*** RECORDED INFORMATION ***

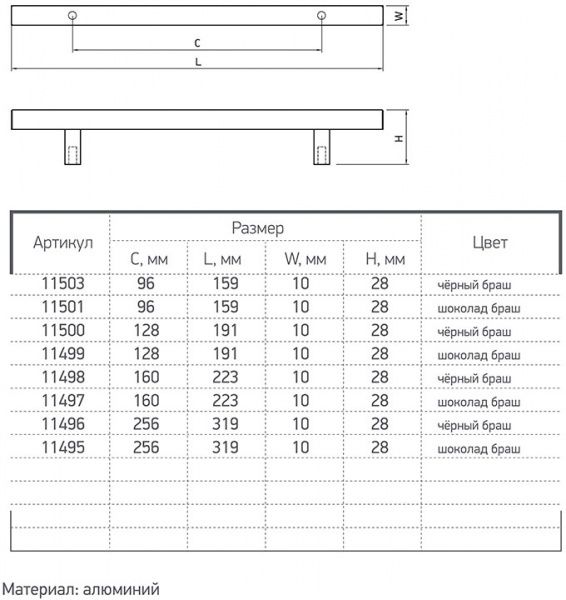 Меблева ручка 11499 128 мм шоколадний браш Ferro Fiori M 0200.128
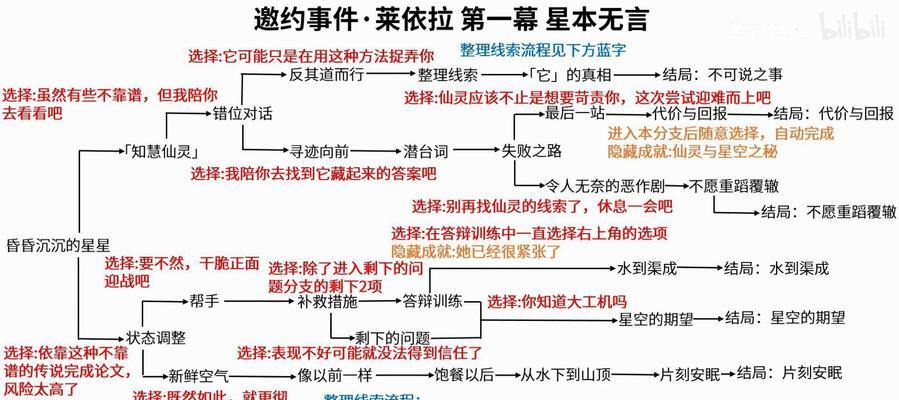 原神须弥任务教程攻略（详解原神须弥任务攻略，助你一举完成所有挑战！）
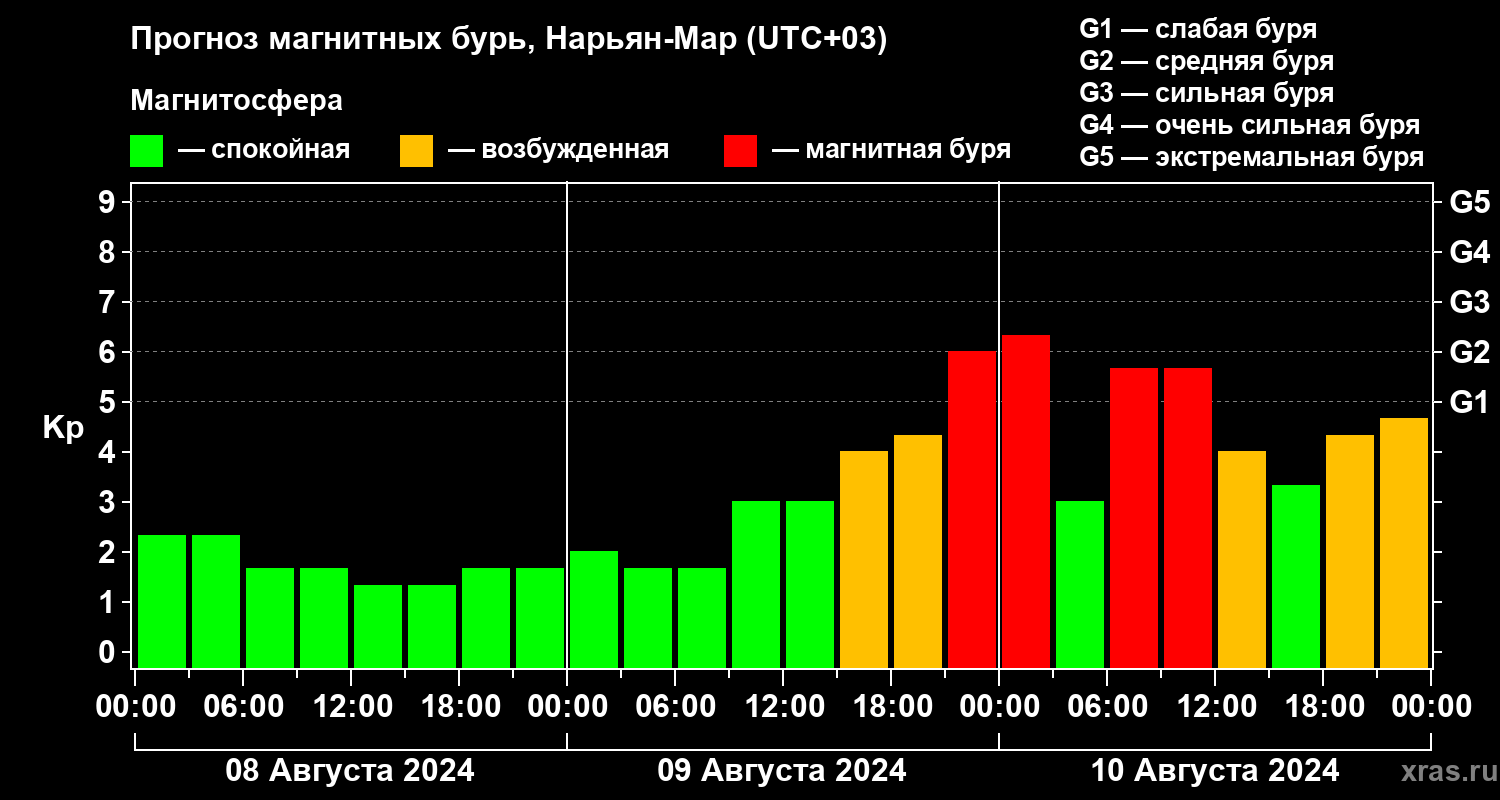 Прогноз геомагнитного индекса Kp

*** End of RECORDED INFORMATION ***

[BRIEF]
When you return the listing, keep it exact and omit any pictures it holds.

[TASK RESULT]
 Меблева ручка 11499 128 мм шоколадний браш Ferro Fiori M 0200.128
 原神须弥任务教程攻略（详解原神须弥任务攻略，助你一举完成所有挑战！）
 Прогноз геомагнитного индекса Kp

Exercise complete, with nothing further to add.